DOJ Files 'Groundbreaking' Consent Decree Against Ranbaxy, Company Agrees to 'Remedy Deviations'
Posted 26 January 2012 | By
The US Department of Justice (DOJ) filed a Consent Decree of Permanent Injunction against Ranbaxy, an Indian generic drug manufacturer, with the US District Court of Maryland on 25 January. The action was taken on behalf of the US Food and Drug Administration (FDA), which had found manufacturing and data integrity deficiencies at numerous Ranbaxy facilities located in India and a US-based Ranbaxy subsidiary's facility in New York.
The consent decree requires Ranbaxy to conduct an internal review of all negligent facilities using a third-party expert audit applications containing data from the facilities in question, take steps to ensure data integrity going forward and withdraw any pending applications that use irregular data.
FDA has prevented drug products manufactured from the sites from entering in to the country since 2008, when it issued an import alert after learning of the issues.
"Because this company continued to violate current good manufacturing practice regulations and falsify information on drug applications, the FDA took these actions in an effort to protect consumers," said Dara Corrigan, FDA associate commissioner for regulatory affairs. "The FDA continues to be committed to protecting consumers from potentially unsafe products that may be offered on the market."

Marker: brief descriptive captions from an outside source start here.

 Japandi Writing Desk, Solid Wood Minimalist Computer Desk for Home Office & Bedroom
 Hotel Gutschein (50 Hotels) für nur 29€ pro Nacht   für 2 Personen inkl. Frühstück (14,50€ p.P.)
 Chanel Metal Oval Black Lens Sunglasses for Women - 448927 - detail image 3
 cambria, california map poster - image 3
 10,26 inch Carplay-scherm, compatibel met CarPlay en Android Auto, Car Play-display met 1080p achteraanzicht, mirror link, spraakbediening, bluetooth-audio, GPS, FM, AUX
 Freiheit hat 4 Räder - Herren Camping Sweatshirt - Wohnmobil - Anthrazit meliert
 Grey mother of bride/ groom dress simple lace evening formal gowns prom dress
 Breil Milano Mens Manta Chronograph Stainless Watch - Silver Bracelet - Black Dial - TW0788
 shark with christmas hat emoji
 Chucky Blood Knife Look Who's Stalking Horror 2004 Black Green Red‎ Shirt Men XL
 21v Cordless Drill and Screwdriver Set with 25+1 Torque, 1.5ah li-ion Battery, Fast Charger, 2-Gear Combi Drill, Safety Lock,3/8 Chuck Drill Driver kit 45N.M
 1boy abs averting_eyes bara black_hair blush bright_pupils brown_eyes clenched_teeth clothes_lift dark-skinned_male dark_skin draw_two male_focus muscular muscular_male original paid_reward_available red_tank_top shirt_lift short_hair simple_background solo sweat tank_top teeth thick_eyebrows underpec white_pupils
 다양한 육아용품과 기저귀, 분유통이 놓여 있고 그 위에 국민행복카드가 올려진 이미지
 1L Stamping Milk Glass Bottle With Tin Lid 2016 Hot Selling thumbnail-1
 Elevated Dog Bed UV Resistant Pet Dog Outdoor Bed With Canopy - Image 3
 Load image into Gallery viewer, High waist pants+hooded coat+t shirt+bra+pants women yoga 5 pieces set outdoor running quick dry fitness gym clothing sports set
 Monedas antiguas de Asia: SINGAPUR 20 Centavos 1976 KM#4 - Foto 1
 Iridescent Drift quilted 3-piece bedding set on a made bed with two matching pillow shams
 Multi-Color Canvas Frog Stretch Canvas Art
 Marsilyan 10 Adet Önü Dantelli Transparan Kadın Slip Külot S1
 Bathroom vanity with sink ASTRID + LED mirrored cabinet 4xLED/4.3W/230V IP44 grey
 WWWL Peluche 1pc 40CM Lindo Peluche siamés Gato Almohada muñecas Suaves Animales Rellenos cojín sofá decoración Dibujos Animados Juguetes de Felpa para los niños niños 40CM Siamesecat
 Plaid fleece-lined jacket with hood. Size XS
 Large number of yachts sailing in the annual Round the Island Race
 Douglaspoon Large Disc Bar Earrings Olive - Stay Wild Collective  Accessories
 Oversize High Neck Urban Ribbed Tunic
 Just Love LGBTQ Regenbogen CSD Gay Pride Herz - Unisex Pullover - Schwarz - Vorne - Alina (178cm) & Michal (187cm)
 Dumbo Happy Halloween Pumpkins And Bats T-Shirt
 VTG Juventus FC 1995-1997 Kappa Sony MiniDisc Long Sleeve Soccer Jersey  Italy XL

Once in compliance with the FDA-mandated steps to ensure integrity, Ranbaxy will be required to conduct regular third-party audits of the facilities, set up quality assurance (QA) and quality control (QC) oversight positions responsible for all QA/QC activities, and establish an Office of Data Reliability to review pre-submission data.
"This action against Ranbaxy is groundbreaking in its international reach -- it requires the company to make fundamental changes to its plants in both the United States and India," Tony West, assistant attorney general for the Justice Department's Civil Division, said in a DOJ press release.
The company has agreed to "relinquish any 180-day marketing exclusivity that it might have for three pending generic drug applications," FDA said in a statement. Reuters reported that the names of those three products were filed under seal and were not available to the public.
Ranbaxy made waves several months ago when it revealed that it had received 180-day exclusivity rights to the generic version of Lipitor. It is unclear if this exclusivity is threatened by the agreement.
Ranbaxy has agreed to pay fines for future violations, including up to $10 million per year for distributing drugs for the Indian factories with quality problems and up to $30 million per year for filing untrue statements with FDA. Additional manufacturing facilities may also be placed under the consent decree if further problems are found with those plants.
"Today's announcement is the next step in the process of finalizing our agreement with the FDA to resolve this legacy issue," said Arun Sawhney, Ranbaxy CEO & Managing Director, in a statement released on the Ranbaxy website. "We are pleased with the progress we have made in upgrading and enhancing the quality of our business and manufacturing processes and remain committed to ensuring that all of our facilities and products meet the high standards that patients, prescribers and the public have come to expect from Ranbaxy."
The company has put aside $500 million to cover the possibility of civil and criminal charges related to investigations over the manufacturing problems.
The consent decree's mandatory activities could mean a 12-18 month delay in abbreviated new drug approvals, said analysts that spoke to BBC News.
The consent decree is subject to court approval, at which time it will immediately go in to effect.